07.04.2021 // Politics

German PMI at all-time high in March

Growth in output and new orders fastest since start of survey in April 1996 +++ Supply delays worsen, putting further upward pressure on prices +++ Expectations remain positive, supporting upturn in factory employment

The German industrial PMI has been above the psychologically important 50-point reference line for nine months now, above which growth is indicated. The manufacturing sector of Europe's largest economy benefited above all from record growth in new orders The German industrial PMI has been above the psychologically important 50-point reference line for nine months now, above which growth is indicated. The manufacturing sector of Europe's largest economy benefited above all from record growth in new orders in March. Photo: Gerd Altmann/pixabay.com

Latest PMI data showed a marked upswing in the pace of growth of Germany's manufacturing sector at the end of the first quarter, with goods producers reporting the steepest rises in new orders and output since the survey began in 1996. Growing pressure on capacity and strong confidence about the outlook meanwhile led to the first rise in sector employment in more than two years.

At the same time, however, the survey indicated a further deterioration in supply-side conditions, with March seeing unprecedented reports of input delivery delays which helped push cost inflation to the highest in over a decade.

The headline IHS Markit/BME Germany Manufacturing PMI – a weighted aggregate of measures of new orders, output, employment, suppliers' delivery times and stock of purchases – moved to an all-time high of 66.6 in March, up sharply from 60.7 in February and above the previous survey high in December 2017 (63.3).

The upturn in the manufacturing sector's performance was driven by survey-record growth in new orders.

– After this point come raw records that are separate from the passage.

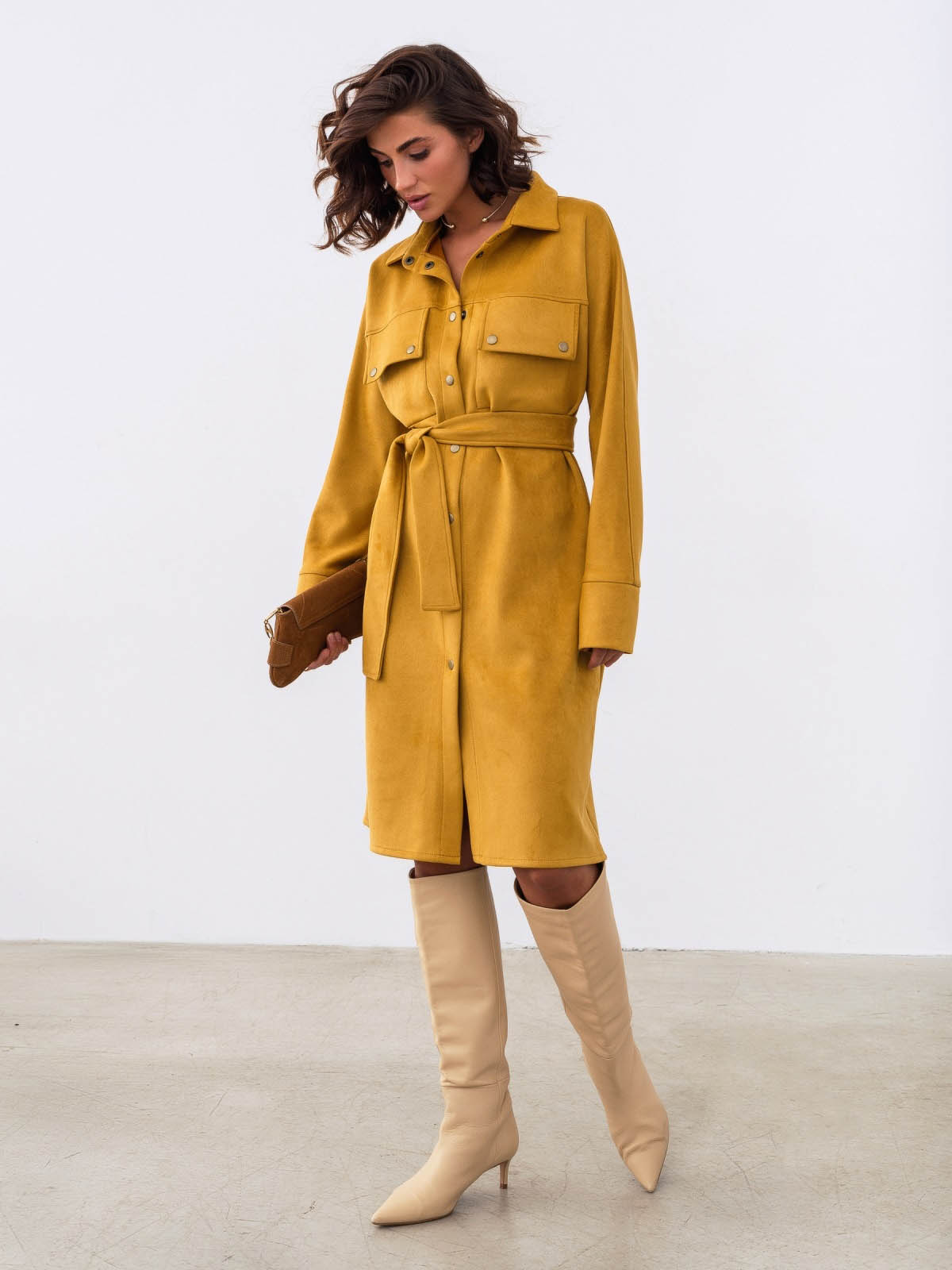 Стильна замшева сукня-сорочка гірчична | 85712 Стильна замшева сукня-сорочка гірчична | 85712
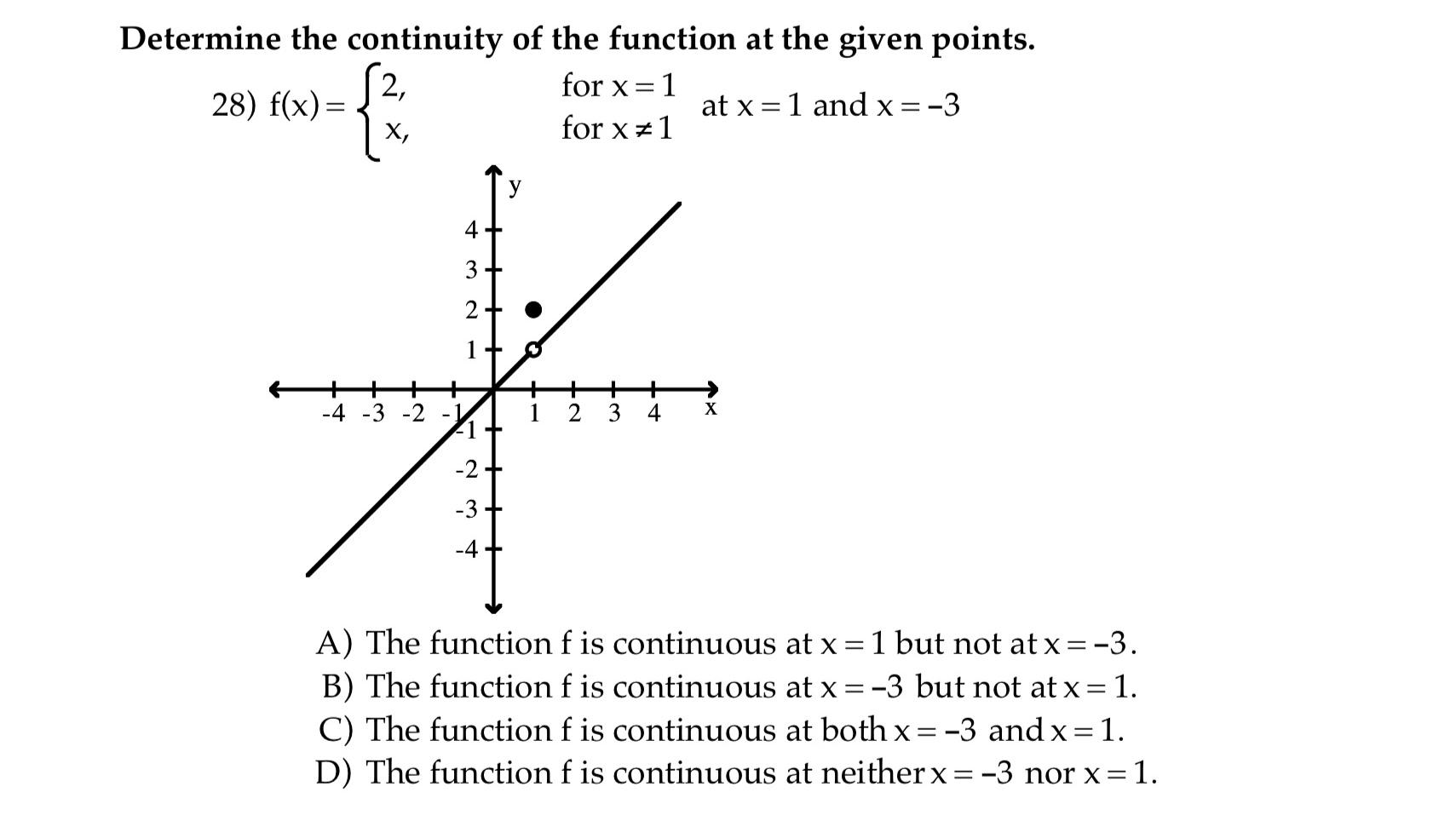 Solved Determine the continuity of the function at the given | Chegg.com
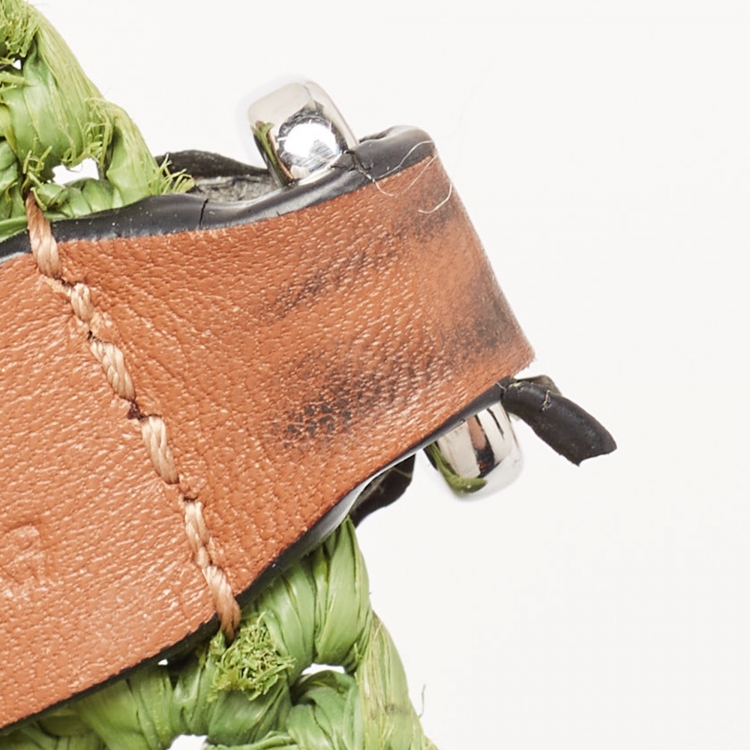 Pre Owned Loewe Multicolor Raffia Slit Rainbow Anagram Bag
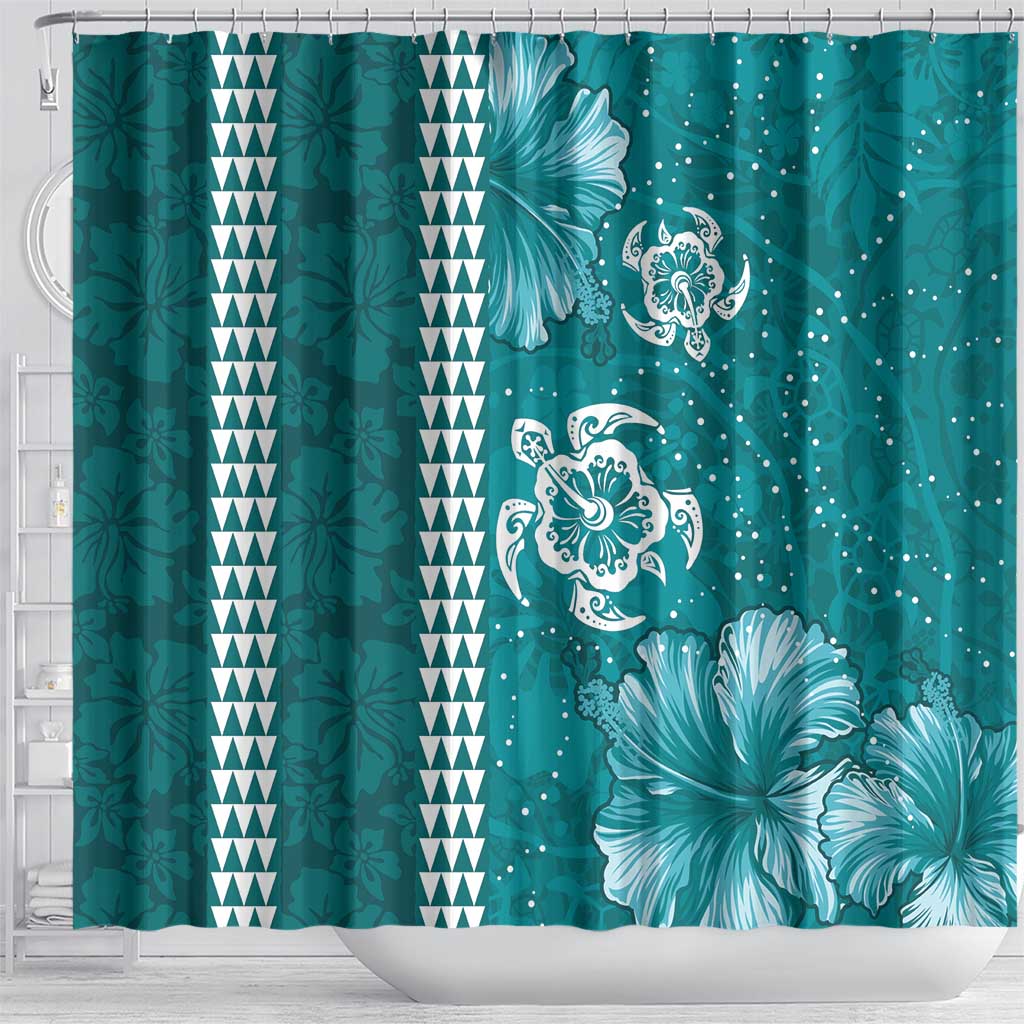 Teal Hibiscus Turle Shower Curtain Hawaiian Style Tribal Tapa Pattern LT9 - Polynesian Pride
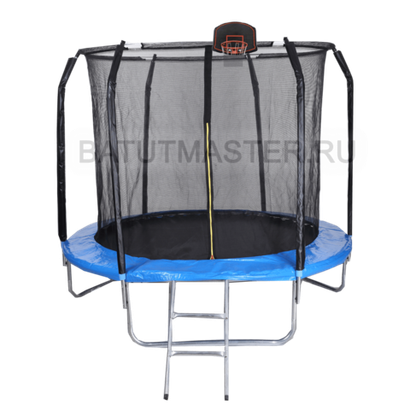 Батут с сеткой, с баскетбольным кольцом, диаметр 10 фт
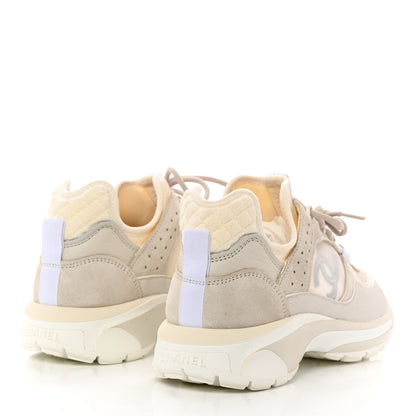 Chanel Suede Calfskin Womens CC Sneakers 38 White 4 of 9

Surveyed businesses reported stronger demand for investment and intermediate goods in particular, though the consumer goods category also saw an improved performance on this front.

Growth of new export orders likewise reached a rate that was unprecedented in the survey's 25-year history, with panellists often commenting on higher new orders from Asia (especially China) and the US.

Production volumes were scaled up sharply as a result, with the rate of increase surpassing the previous record set in April 2010. Notably, however, the rate of growth was slower than that of new orders and the month saw a record increase in backlogs of work at factories. Post-production inventories fell for the tenth month in a row and at the fastest rate since June 2009, as many manufacturers sold from stock to meet demand.

The need to increase capacity saw German manufacturers expand workforce numbers for the first time since February 2019. The rate of growth of employment was solid, although it lagged well behind those of new orders and output.

There was also an accelerated increase in manufacturer's buying levels in March. Nevertheless, stocks of purchases were down for the eleventh month in a row, reflecting widespread reports of delays in the delivery of inputs.

The survey found that 76% of manufacturers had seen average supplier delivery times lengthen in March, which was new a record for the series and up from the previous high of 64% in February. Delays often arose due to demand for raw materials and components outstripping availability, with electronics, plastics and steel among the items most commonly reported as in short supply. A dearth of shipping containers remained a factor.

Higher prices for commodities and other inputs ensued, with the rate of cost inflation accelerating sharply to the second-highest on record (behind that seen in February 2011).

The combination of rising costs and strong demand led to a steeper rise in factory gate prices in March. The rate of inflation on this front was in fact the quickest since this series began in September 2002.

Finally, manufacturers' expectations towards activity over the coming year remained strongly positive. That said, there was uncertainty among some firms about whether current levels of demand could be sustained, which was reflected in a slight drop in the overall degree of optimism from February's series high (since July 2012).